En 2019, la recuperación económica se vio interrumpida en marzo y abril por los ciclones Idai y Kenneth, que afectaron especialmente a la zona de Beira. La destrucción de cosechas e infraestructuras afectó negativamente a los datos del PIB, de manera que en 2019 se tuvo un crecimiento del 2,2%, un 1,1% inferior al año anterior. Las expectativas apuntaban a una rápida recuperación, de manera que rebotaría rápidamente al alza los años siguientes, impulsado por la normalización de la política monetaria y las inversiones en el sector del gas.

Sin embargo, la evolución de la pandemia originada por la COVID-19 ha provocado que la economía no solo no se recupere, sino que empeoren las perspectivas de crecimiento económico a corto plazo del país con una contracción  del 0,5% del PIB en 2020 frente al 4,3% previsto. Asimismo, la reducción de la demanda y los precios de las materias primas  están desacelerando el ritmo de la inversión en gas y carbón, dos industrias clave para Mozambique. 

El principal reto a los que se enfrenta el país es asegurar la supervivencia de los megaproyectos de gas ante la amenaza terrorista. Y si esto sucede garantizar el crecimiento inclusivo en los sectores productivos de la economía. 

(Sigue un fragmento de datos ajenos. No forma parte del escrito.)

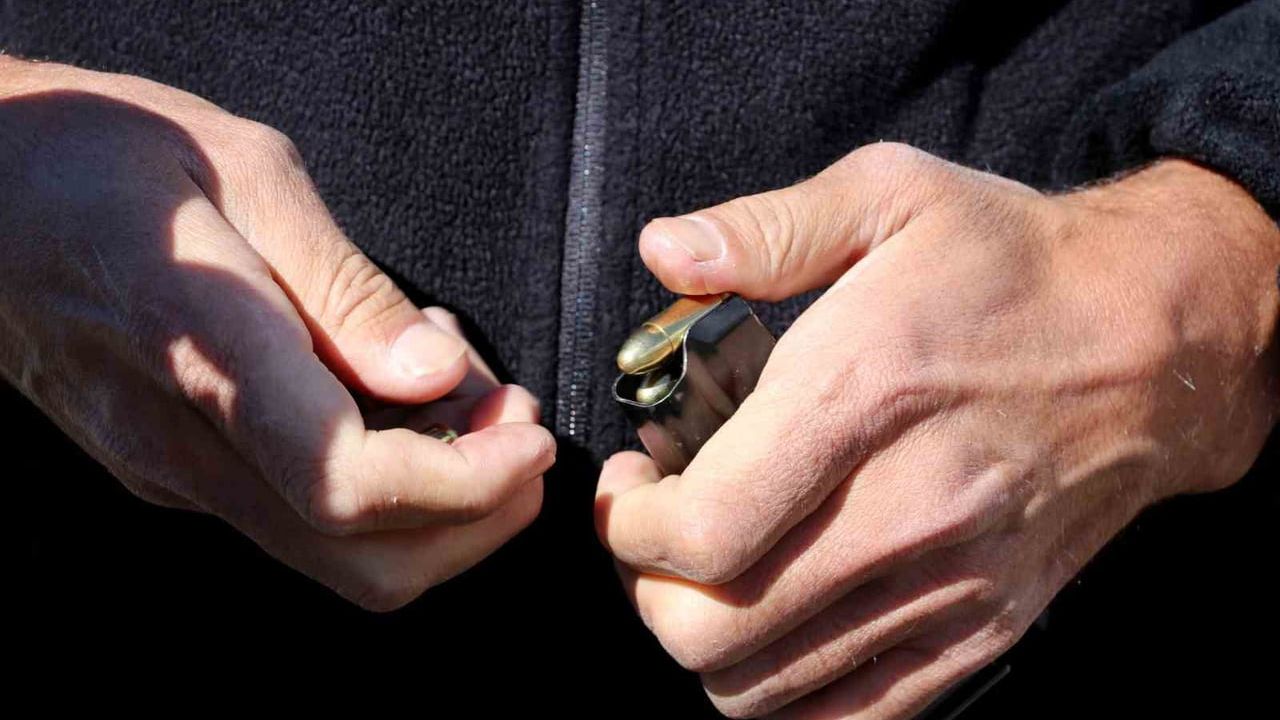 Erzincan polisleri gece ve sis şartlarında gerçekçi operasyon eğitimi yaptı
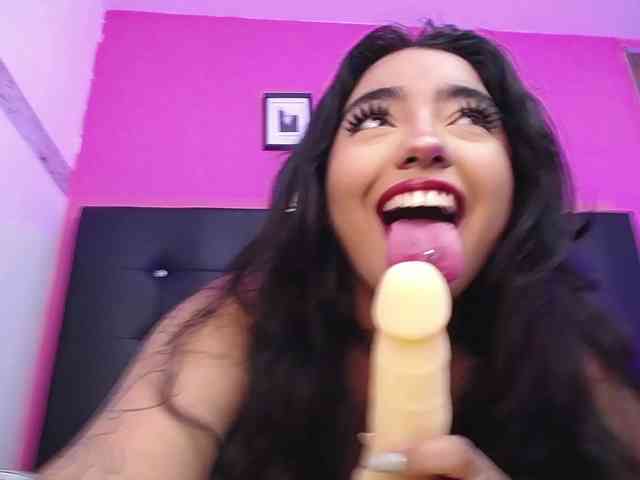 mollycurvyhot webcam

Asimismo, persistirá la crisis de liquidez que atraviesa el país debido a la ineficiente gestión de la deuda y a una política fiscal laxa. La reestructuración de la deuda de Ematum fue bien acogida por la comunidad internacional y la calificación crediticia del país mejoró en 2019. Sin embargo, Mozambique sigue situándose en riesgo de incumplimiento de pagos, por lo que se le seguirá restringiendo el acceso a la mayoría de las fuentes de financiación internacionales.